Solomon Asch conducted an experiment to investigate the extent to which social pressure from a majority group could affect a person to conform.
Asch (1951) devised what is now regarded as a classic experiment in social psychology, whereby there was an obvious answer to a line judgment task.
If the participant gave an incorrect answer it would be clear that this was due to group pressure.
Asch measured the number of times each participant conformed to the majority view. On average, about one third (32%) of the participants who were placed in this situation went along and conformed with the clearly incorrect majority on the critical trials.
Over the 12 critical trials, about 75% of participants conformed at least once, and 25% of participants never conformed.
In the control group, with no pressure to conform to confederates, less than 1% of participants gave the wrong answer.
Why did the participants conform so readily? When they were interviewed after the experiment, most of them said that they did not really believe their conforming answers, but had gone along with the group for fear of being ridiculed or thought “peculiar”.

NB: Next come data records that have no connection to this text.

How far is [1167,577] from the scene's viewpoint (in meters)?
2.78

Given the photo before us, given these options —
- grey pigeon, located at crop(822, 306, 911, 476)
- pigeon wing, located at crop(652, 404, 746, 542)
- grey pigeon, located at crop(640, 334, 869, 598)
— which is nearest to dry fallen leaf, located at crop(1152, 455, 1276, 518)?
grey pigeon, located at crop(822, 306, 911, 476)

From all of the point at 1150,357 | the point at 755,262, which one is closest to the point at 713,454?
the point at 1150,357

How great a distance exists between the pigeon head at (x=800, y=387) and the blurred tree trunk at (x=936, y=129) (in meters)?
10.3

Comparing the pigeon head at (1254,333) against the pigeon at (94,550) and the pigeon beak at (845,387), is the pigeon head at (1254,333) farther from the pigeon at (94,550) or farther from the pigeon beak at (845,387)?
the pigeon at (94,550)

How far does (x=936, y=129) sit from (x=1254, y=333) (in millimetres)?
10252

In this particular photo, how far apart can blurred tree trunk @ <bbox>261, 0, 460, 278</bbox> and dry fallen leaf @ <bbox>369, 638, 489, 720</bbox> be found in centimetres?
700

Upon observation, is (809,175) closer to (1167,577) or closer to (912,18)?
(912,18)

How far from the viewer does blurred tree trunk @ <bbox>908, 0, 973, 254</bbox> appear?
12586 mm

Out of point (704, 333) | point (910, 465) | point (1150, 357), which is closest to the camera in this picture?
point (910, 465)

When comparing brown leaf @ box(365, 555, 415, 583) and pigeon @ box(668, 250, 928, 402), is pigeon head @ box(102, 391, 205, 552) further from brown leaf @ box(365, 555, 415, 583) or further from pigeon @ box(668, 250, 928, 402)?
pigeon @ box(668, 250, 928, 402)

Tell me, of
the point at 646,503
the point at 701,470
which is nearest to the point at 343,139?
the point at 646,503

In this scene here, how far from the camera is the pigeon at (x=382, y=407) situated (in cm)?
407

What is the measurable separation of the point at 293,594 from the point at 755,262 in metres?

A few of them said that they really did believe the group’s answers were correct.
Apparently, people conform for two main reasons: because they want to fit in with the group (normative influence) and because they believe the group is better informed than they are (informational influence).
One limitation of the study is that it uses a biased sample. All the participants were male students who all belonged to the same age group. This means that the study lacks population validity and that the results cannot be generalized to females or older groups of people.
Some critics thought the high levels of conformity found by Asch were a reflection of American, 1950’s culture and told us more about the historical and cultural climate of the USA in the 1950s than they do about the phenomena of conformity.
In the 1950s America was very conservative, involved in an anti-communist witch-hunt (which became known as McCarthyism) against anyone who was thought to hold sympathetic left-wing views. Conformity to American values was expected. Support for this comes from studies in the 1970s and 1980s that show lower conformity rates (e.g., Perrin & Spencer, 1980).
Perrin and Spencer (1980) suggested that the Asch effect was a “child of its time.” They carried out an exact replication of the original Asch experiment using engineering, mathematics and chemistry students as subjects. They found that on only one out of 396 trials did an observer join the erroneous majority.
Perrin and Spencer argue that a cultural change has taken place in the value placed on conformity and obedience and in the position of students. In America in the 1950s students were unobtrusive members of society whereas now they occupy a free questioning role.